Problem details: From the line with "Chương 76 - Trang 16" to the final line of the data below, please write out every line exactly, with no pictures.

Data block:
-=-=-=-=-
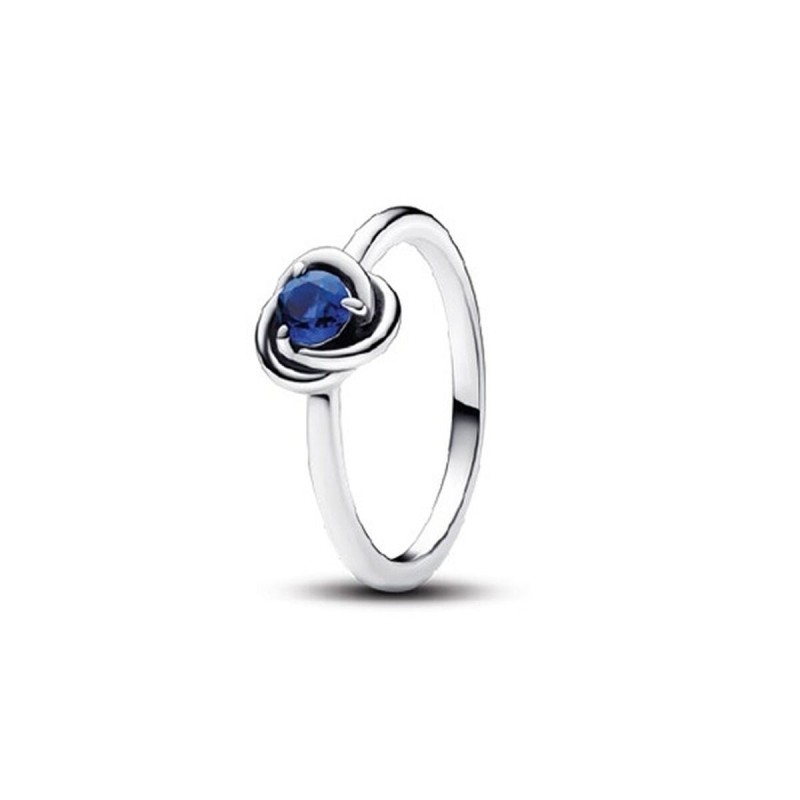 Bague Femme Pandora 192993C09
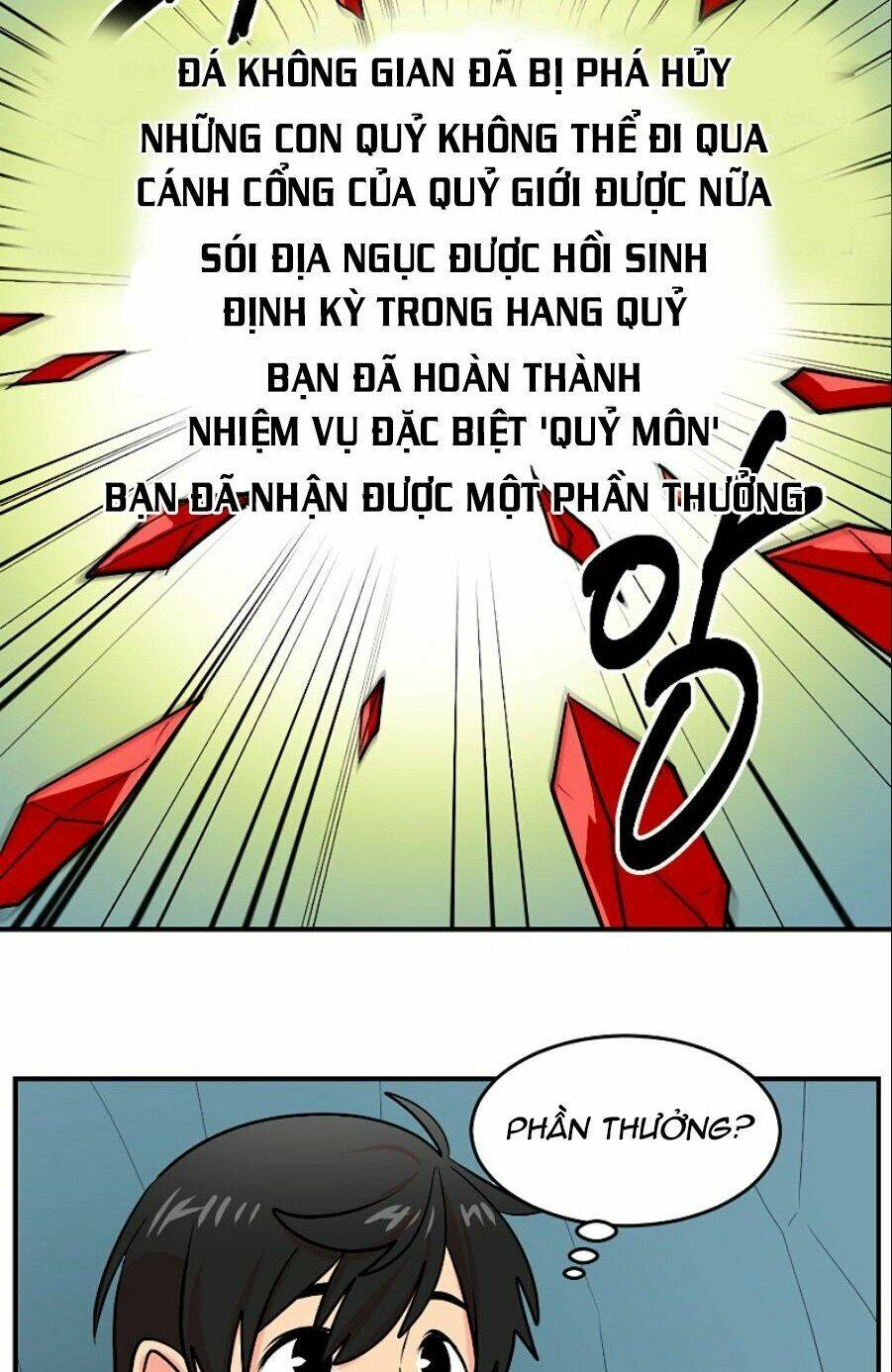 Chương 76 - Trang 16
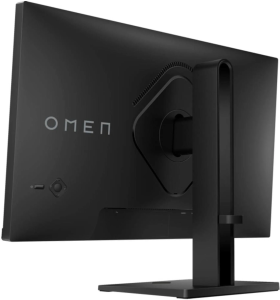 Игровой монитор HP OMEN 24 23,8", IPS, Full HD (1920×1080), 165 Гц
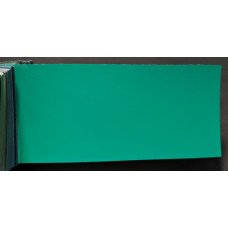 Краска Skoda 5260 (L526, C5C5) ATLANTIC GREEN, ATLANTICGRUEN, ATLANTICGRUN, TUERKISGRUEN BASE COAT Краска Skoda 5260 (L526, C5C5) ATLANTIC GREEN, ATLANTICGRUEN, ATLANTICGRUN, TUERKISGRUEN BASE COAT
-=-=-=-=-
Solution:
 Chương 76 - Trang 16
 Игровой монитор HP OMEN 24 23,8", IPS, Full HD (1920×1080), 165 Гц
 Краска Skoda 5260 (L526, C5C5) ATLANTIC GREEN, ATLANTICGRUEN, ATLANTICGRUN, TUERKISGRUEN BASE COAT Краска Skoda 5260 (L526, C5C5) ATLANTIC GREEN, ATLANTICGRUEN, ATLANTICGRUN, TUERKISGRUEN BASE COAT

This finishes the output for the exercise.